Our future is out there among the stars, where we’ll find transcendence beyond our wildest dreams.

In two thoughtful essays titled “Religion for a Galactic Civilization” (1982 and 2009) my friend Bill Bainbridge, the author of “The Meaning and Value of Spaceflight: Public Perceptions” (2015) and the classic “The Spaceflight Revolution: A Sociological Study” (1976), argued that

“We need a new spaceflight social movement capable of giving a sense of transcendent purpose to dominant sectors of the society… In short, we need a galactic religion, a Cosmic Order.”

Turing Church wants to be a Cosmic Order, at the forefront of both wild philosophical speculations and bold hands-on space initiatives.

A bold initiative: Let’s start building outposts on the sacred road to the stars

Besides cosmic speculations, I also want to help building outposts on the sacred road to the stars, and I want you to participate.
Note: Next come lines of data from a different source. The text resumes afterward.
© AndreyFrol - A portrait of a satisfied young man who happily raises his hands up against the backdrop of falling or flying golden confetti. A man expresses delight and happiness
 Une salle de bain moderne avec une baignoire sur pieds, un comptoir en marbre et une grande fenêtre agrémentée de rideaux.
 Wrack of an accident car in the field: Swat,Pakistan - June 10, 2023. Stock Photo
Let’s go the futurist way:

In “A Virtual World Space Agency,” (2009) I proposed to create a global space agency of the people, open to anyone. Then a few months ago I created a Facebook group to explore the idea of a decentralized autonomous space agency.

Please request to join the Facebook group “Space Decentral” if you want to participate in informal discussions.
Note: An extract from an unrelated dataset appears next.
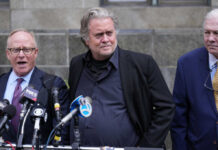 Three men at a press conference with microphones in front of them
The project is now part of Space Cooperative, a worker-owned cooperative that is developing a crowdsourced approach to settling the space frontier. Please consider joining Space Cooperative if you want to participate, hands-on.

I joined Space Cooperative because it’s fresh and fun (plus there’s also this new thing about farming watermelons on Mars — stay tuned). Most of the team are millennials with young faces untouched by wrinkles and bad thoughts, but that’s a feature not a bug: my generation has screwed up, and it’s right and proper to pass leadership to them. We oldies will do what we can to help.

Perhaps “screwed up” is too much: those cities on the Moon we dreamed of in the sixties were really too much too soon — don’t try to run before you can walk and all that. Bill Bainbridge and Sir Arthur C. Clarke noted that

“Space travel is a technological mutation that should not really have arrived until the 21st century.”

It appears they were right — the youthful Apollo adventure of last century was but an inspiring prelude of things to come, and space travel becomes a reality in this century.

Let’s go and build those outposts on the sacred road to the stars.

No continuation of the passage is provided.